If in business long enough just about all companies are faced with a customer or vendor who does not fulfill his end of the contract. When that occurs, it is important to understand the mitigation of damages rule.

A contract is a legally enforceable agreement between two or more persons to perform certain actions. The most common example of a contract is where one person promises to pay money in exchange for the other person promising to provide goods or services.
A breach of contract occurs when one of the parties to the contract does not perform as promised. Using the above example, if one person paid money in return for a promise to deliver goods or services, and the other party does not provide those goods or services, a breach of contract has occurred.

When a breach of contract occurs, contract law tries to compensate the non-breaching party by awarding compensation. In legal terms, it is called making the non-breaching party whole. For example, if a person agrees to pay a house painter $5,000.00 in return for a promise to paint a house, and the painter does not paint the house, contract law awards damages to the person equal to the difference in the promised price ($5,000.00) and the actual price the person had to pay in order to get the house painted.

Contract law is not about punishing the breaching party. Contract law is about giving the non-breaching party the benefit of the bargain. Just because a breach of contract occurs, it does not mean the non-breaching party gets compensation.

To receive compensation for a breach of contract, there must be resulting damages from the breach. Using the above example, if the person wanting to paint his house can find another painter at the same price or less, there are no damages. If the person can find another painter who will paint the house for $5,500.00, the damages under contract law are $500.00 ($5,500.00 – $5,000.00). If the house can be painted for less than the original contract price, then there are no damages.

When a breach of contract occurs, the non-breaching party has a duty to minimize the damage. Let’s add a few facts to the painter example. Let’s assume that the house is under a contract to be sold and the sale is conditional upon the house being painted within 30 days. Let’s assume that the contract to paint the house required the house to be painted within 30 days and clearly informs the painter that the sale of the house is dependent upon the painting job being complete within that 30 days. On day 5, the painter declares that he cannot get the house painted. Now, the potential damages to the non-breaching party are far more than any increase in the cost to paint the house. The loss of the house sale could mean thousands of dollars in damages.

In this situation, the non-breaching party cannot just sit back, do nothing and collect damages based upon the loss of the house sale. The non-breaching party must act to reduce or mitigate the damage by trying to find another painter to complete the job within the remaining 25 days.

When a breach of contract occurs, the non-breaching party must mitigate their damages.

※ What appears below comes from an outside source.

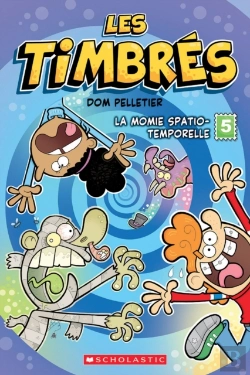 Bertrand.pt - Les Timbrés : N° 5 - La Momie Spatio-Temporelle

This obligation to mitigate damages is central to contract law. Contract law is about economics and efficiencies. Theoretically, there may be good economic reasons why the painter did not perform as promised, like, for example, a better paying painting job. If the house can be painted by another painter for the same price within the same time constraints, some argue that contract law encourages the breach in order to make the market more efficient.

Regardless of the theory, the reality is that a non-breaching party cannot just be idle when a breach occurs. There is a duty to go out into the market and try to minimize the damage caused by the breach. Failure to minimize the damage can reduce or even eliminate any compensation under contract law.